<コート・ド・ニュイ・ヴィラージュとブルゴーニュ・オート・コート・ド・ニュイ>
Côte de Nuits-Villages vs Bourgogne Hautes Côte de Nuits
この似て非なるワインについて、検証する。両者は共にフランスのAOC(原産地統制呼称法)適用ワインである。最大の違いは、その格付にある。前者が村名格であるのに対し、後者はブルゴーニュ地方名格ワインである。ランクが違えば価格も違うが、両者とも高額になりがちなブルゴーニュにとっては比較的庶民価格で取引されるため、価格的に顕著な差はなく、価格からは両者の違いは見極められない。ここでは両者の違いについて話を展開する。ところで両者とも長い上に、似ているのでこの章では前者を甲、後者を乙とする。
<コート・ド・ニュイ・ヴィラージュ>
甲は、村を意味するVillagesの名が示す通り村名格のワインであり、その場所は赤ワインの大銘醸地コート・ド・ニュイ地区にある。また複数を表わすsが末尾に付くため、幾つかの村の集合体であることも判断できる。特級・一級と連なるAOCにあって、村名格はテーブルワインから聳えるワイン界の頂点グループに君臨し得る立場にある。AOC法上はロマネ・コンティを有するACヴォーヌ・ロマネ村及びシャンベルタンを有するACジュブレ・シャンベルタン村と同格である。法的には同格であるが、このアペラシオンには特級及び一級格付ワインはない。村名格にして村名格までのワインしかないのである。そこが特級を持つ独立したアペラシオンとは違う個性であり、相対的な立場は当然下になる。

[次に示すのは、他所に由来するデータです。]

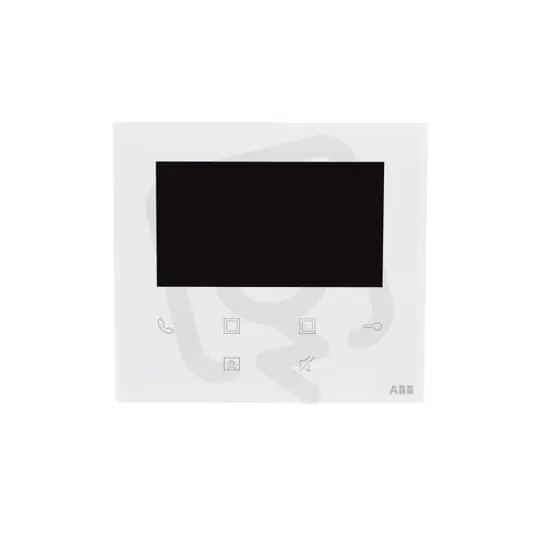 "ABB Videotelefon domovní 4,3"" Wi-Fi nástěnný M22401-W 2TMA220050W0022" Cenově Výhodný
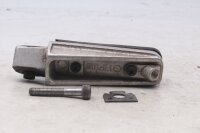 Rear left passenger footrest rubber pad holder Yamaha FJR 1300 RP11 04-05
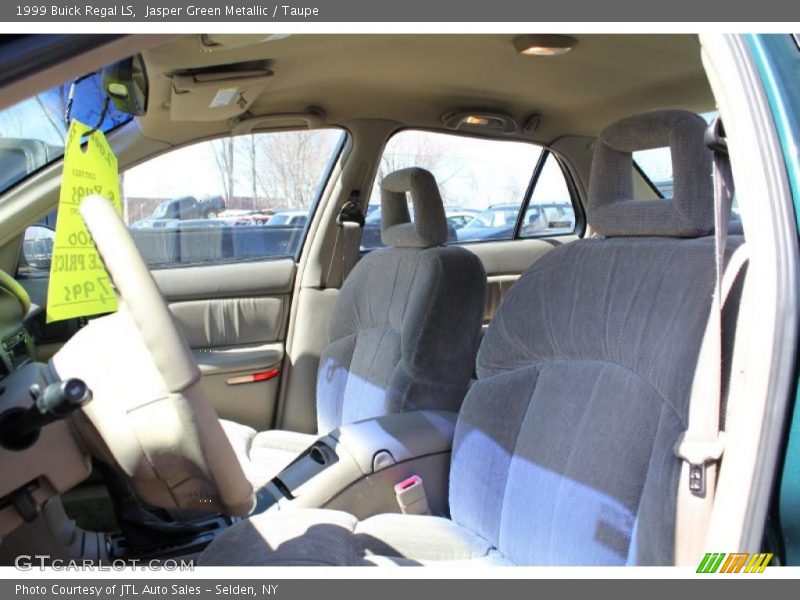 Jasper Green Metallic / Taupe 1999 Buick Regal LS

甲の範囲は次の5村である。フィサン・ブロション・/・プリセー・コンブランシアン・コルゴロアン。
(Fixin Brochon ・/・ Prissey Comblanchien Corgoloin)
フィサンとブロションはディジョン市の南側、マルサネ・ラ・コート村とジュブレ・シャンベルタン村の間に位置し、コート・ド・ニュイ地区の北側にある。プリセー以下はニュイ・サン・ジョルジュ村の南側にあり、両者はまさに黄金の丘を挟むような位置関係にある。次にそれぞれの村について検証する。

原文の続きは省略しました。